Hmmm... I may have to read the Larsson books too rather than just making fun of the titles (do you know why they changed the Swedish title when translating it)? I had sort of just assumed they were boilerplate thrillers.

Dr. Trott said...

Ammon, I don't think the original title in Swedish is Men Who Hate Women, but that was a working title. I'm not sure. I just did Google translate on the original Swedish title for the second book and it does come out The Girl Who Played with Fire which is the English the title of the second book. So I don't think changes were made in the published versions.

Jill said...

Original title in Swedish: Män som hatar kvinnor – "Men Who Hate Women")
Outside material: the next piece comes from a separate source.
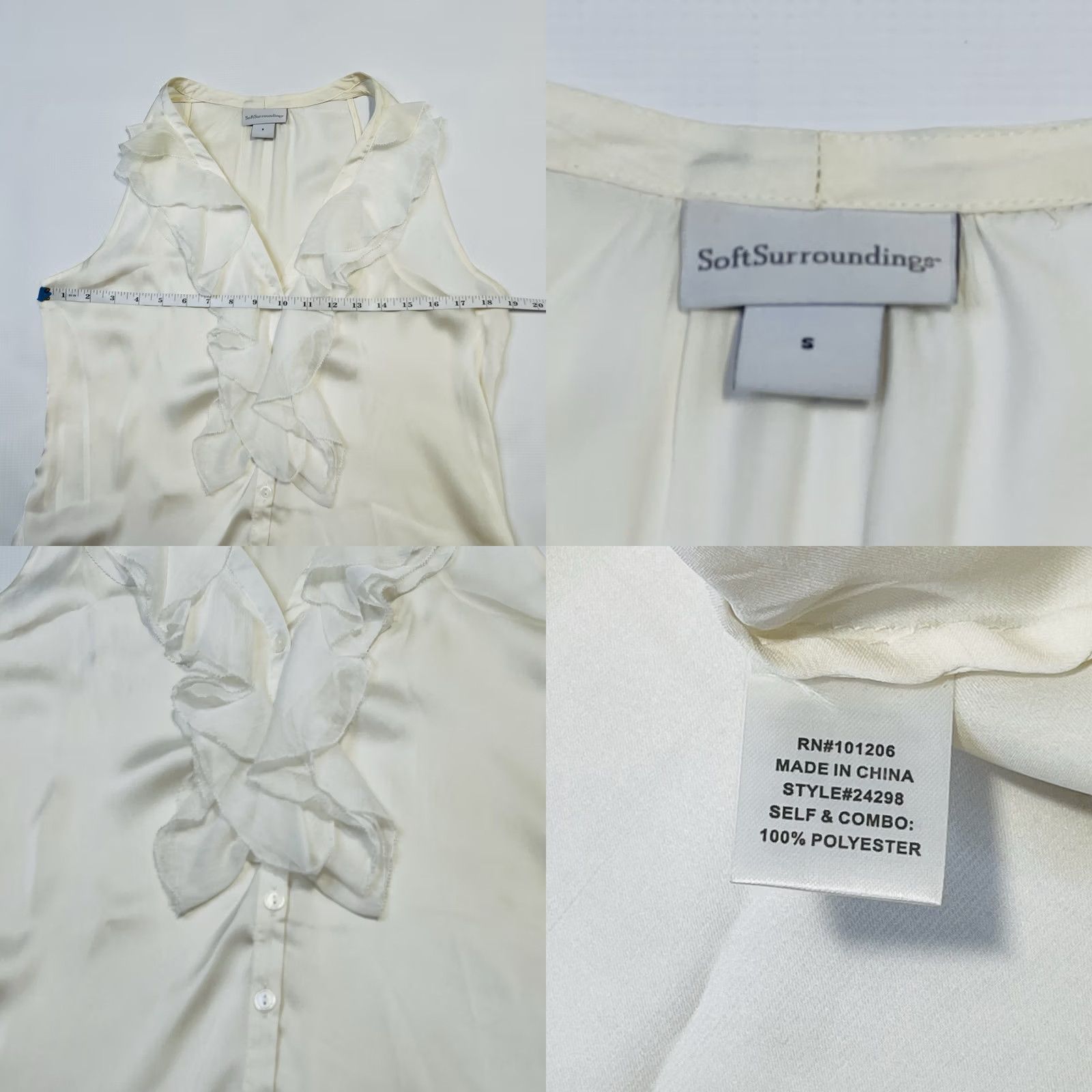 Soft Surroundings Soft Surroundings Shirt Womens Sleeveless Ruffle Tunic Blouse White Small Casual Party/Cocktail Travel Workwear Spring Summer Fall Size S / US 4 / IT 40 - 8 Thumbnail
That's what's inside the cover of my copy.

Jill said...

Oh, I should clarify: that's what's on the inside cover of my edition of the first in the series, the one that was published with the English title, The Girl with the Dragon Tattoo.

moi said...

This is a fascinating discussion - thank you for the post. I just literally tonight finished reading the last book in the Larsson trilogy (U.K.edition)and am thinking through the patriarchal & power structures that he reveals/unravels in even more detail in this last book. I'm not a student of philosophy (but rather a feminist activist/radio journalist) so can't speak to the fine points of your arguments. But am interested in your discussion about the nature of institutions and their power structures. And am curious to hear what you think about writers like Riane Eisler who suggests partership models as a viable alternative to the current dominator structure of power that informs institutions.
PS the first book and the first movie were definitely called 'Men Who Hate Women' in Swedish. There are several British press references to this, including in this piece about his life partner that, with horrible irony, seems to mirror some of the very power dynamics in the books
http://www.dailymail.co.uk/femail/article-1240159/Stieg-Larssons-widow-seen-penny-20m-fortune-earned-together.html
And here -
http://www.independent.co.uk/news/world/europe/understanding-swedish-society-through-stieg-larssons-popular-fiction-1796052.html

CBR said...

The Girl With the Dragon Tattoo is goofy. Why is everyone constantly hugging each other? Why are they always saying things like "I want to be your friend?" And who says "hard rock" anymore, or thinks of people with tattoos as miscreants?